Accepted_test
Potato (Solanum tuberosum) breeding relies heavily on advanced methods, such as marker assisted selection (MAS). Taking the full advantage of MAS requires extensive knowledge of genetic polymorphisms that can be used as genetic markers. The most comprehensive information on genetic polymorphisms is generated by phased genome assemblies. Long read whole-genome sequencing and Hi-C facilitate phased genome assembly even for organisms with complex polyploid genomes, such as potato. However, such tools are quite expensive and not always available. Here we demonstrate how partially phased sequences assembled with Illumina short reads can be used to successfully discover novel genetic polymorphisms in autotetraploid potato.

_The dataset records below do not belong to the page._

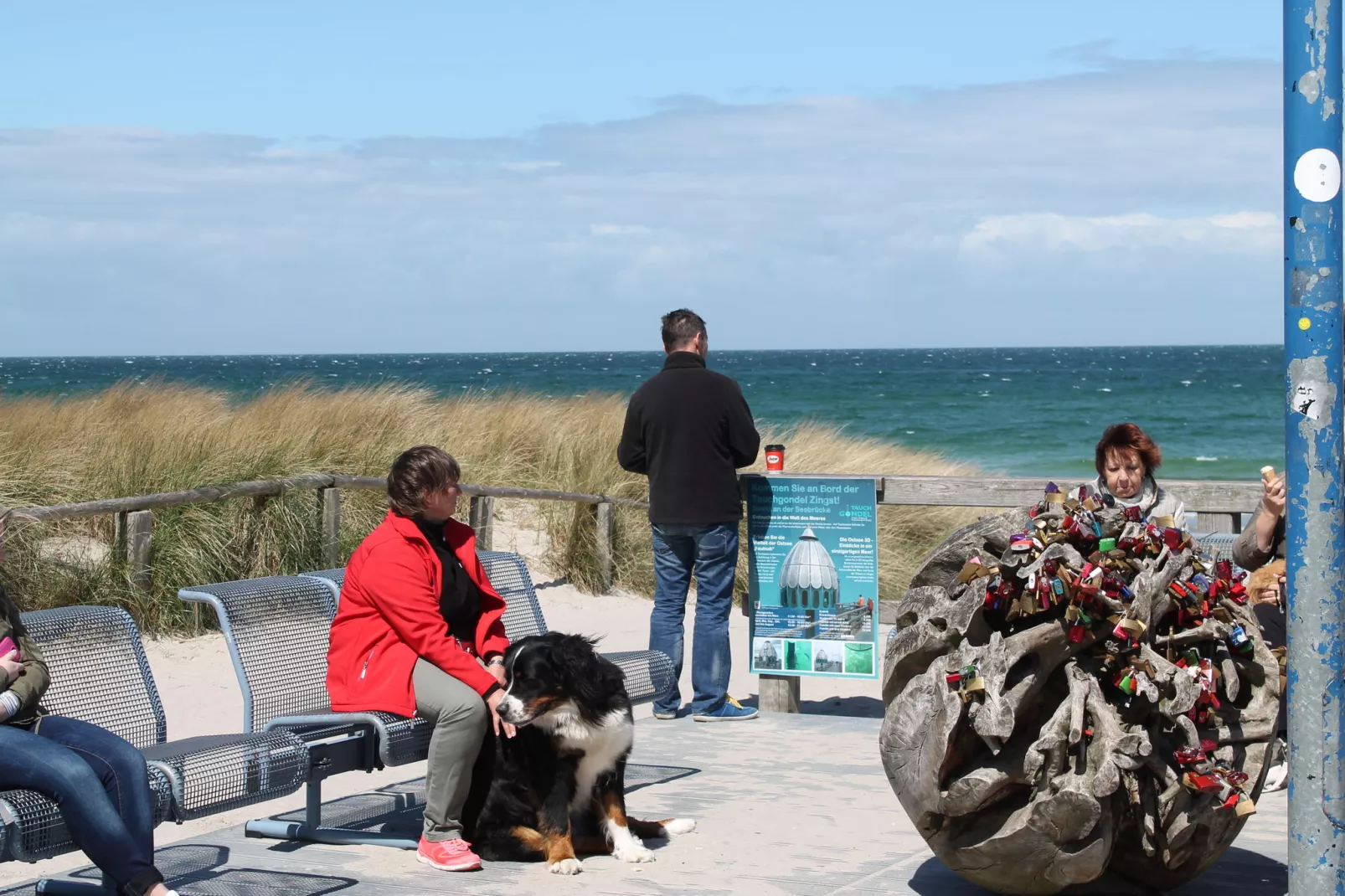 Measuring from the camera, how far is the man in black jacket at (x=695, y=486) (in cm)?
761

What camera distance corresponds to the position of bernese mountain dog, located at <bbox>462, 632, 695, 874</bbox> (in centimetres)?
512

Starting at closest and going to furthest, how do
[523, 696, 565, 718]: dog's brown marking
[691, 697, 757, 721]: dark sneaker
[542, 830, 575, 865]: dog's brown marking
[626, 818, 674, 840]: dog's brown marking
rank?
1. [523, 696, 565, 718]: dog's brown marking
2. [542, 830, 575, 865]: dog's brown marking
3. [626, 818, 674, 840]: dog's brown marking
4. [691, 697, 757, 721]: dark sneaker

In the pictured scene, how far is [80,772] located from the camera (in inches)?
168

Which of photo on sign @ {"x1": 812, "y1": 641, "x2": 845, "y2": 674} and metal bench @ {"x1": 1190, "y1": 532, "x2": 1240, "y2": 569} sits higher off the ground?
metal bench @ {"x1": 1190, "y1": 532, "x2": 1240, "y2": 569}

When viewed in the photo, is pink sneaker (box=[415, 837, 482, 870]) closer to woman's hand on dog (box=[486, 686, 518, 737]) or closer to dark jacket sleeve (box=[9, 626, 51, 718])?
woman's hand on dog (box=[486, 686, 518, 737])

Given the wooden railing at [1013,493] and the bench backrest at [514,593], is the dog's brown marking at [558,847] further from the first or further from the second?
the wooden railing at [1013,493]

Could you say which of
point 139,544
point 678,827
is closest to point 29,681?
point 678,827

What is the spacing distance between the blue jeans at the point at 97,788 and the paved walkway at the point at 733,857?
0.60 meters

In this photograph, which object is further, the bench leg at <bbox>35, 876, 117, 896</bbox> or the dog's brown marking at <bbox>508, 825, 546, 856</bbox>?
the dog's brown marking at <bbox>508, 825, 546, 856</bbox>

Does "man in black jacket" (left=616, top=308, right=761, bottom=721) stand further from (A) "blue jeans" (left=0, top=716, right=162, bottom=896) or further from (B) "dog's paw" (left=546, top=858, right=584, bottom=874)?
(A) "blue jeans" (left=0, top=716, right=162, bottom=896)

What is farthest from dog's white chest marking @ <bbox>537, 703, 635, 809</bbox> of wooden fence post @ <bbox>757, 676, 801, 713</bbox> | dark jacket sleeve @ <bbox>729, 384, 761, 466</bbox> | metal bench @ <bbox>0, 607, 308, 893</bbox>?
wooden fence post @ <bbox>757, 676, 801, 713</bbox>

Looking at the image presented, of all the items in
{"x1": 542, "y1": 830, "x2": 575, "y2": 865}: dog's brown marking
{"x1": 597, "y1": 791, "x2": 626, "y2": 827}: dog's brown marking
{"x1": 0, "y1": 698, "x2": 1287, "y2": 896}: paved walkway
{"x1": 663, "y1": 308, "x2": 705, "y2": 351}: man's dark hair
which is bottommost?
{"x1": 0, "y1": 698, "x2": 1287, "y2": 896}: paved walkway

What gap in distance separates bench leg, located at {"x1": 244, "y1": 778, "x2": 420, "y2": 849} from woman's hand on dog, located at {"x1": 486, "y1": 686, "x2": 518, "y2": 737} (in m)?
0.52

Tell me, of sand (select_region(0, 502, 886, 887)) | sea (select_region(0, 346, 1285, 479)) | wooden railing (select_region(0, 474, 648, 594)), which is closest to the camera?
sand (select_region(0, 502, 886, 887)) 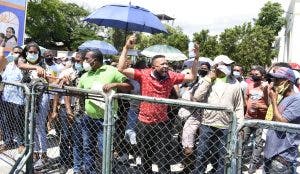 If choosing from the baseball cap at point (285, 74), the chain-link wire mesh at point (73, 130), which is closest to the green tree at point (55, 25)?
the chain-link wire mesh at point (73, 130)

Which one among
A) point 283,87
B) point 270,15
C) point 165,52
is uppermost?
point 270,15

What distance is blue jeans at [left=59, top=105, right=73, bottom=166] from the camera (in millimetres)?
5468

For our search of novel genetic polymorphisms we focused on 9 genes encoding the key enzymes of plant carbohydrate metabolism. Previously, using Illumina short reads, our colleagues assembled genomes of five Russian potato cultivars. Reads belonging to selected genes were de novo assembled by SPAdes with default parameters and phased with freebayes and whatshap programmes. Only two of the four haplotypes were resolved for each gene. For each cultivar, the resolved haplotypes demonstrated different SNP distribution. To verify SNPs predicted by assemblies, we used cleaved amplified polymorphic sequence (CAPS) assay. We were able to detect more allelic variants (3-4) than was predicted by individual assemblies for most of the genes. Our results indicate that while some SNPs may be hidden due to partial phasing, and thus designated as ‘non-polymorphic’, using assemblies of several cultivars can help alleviate this problem by providing additional information about these sites.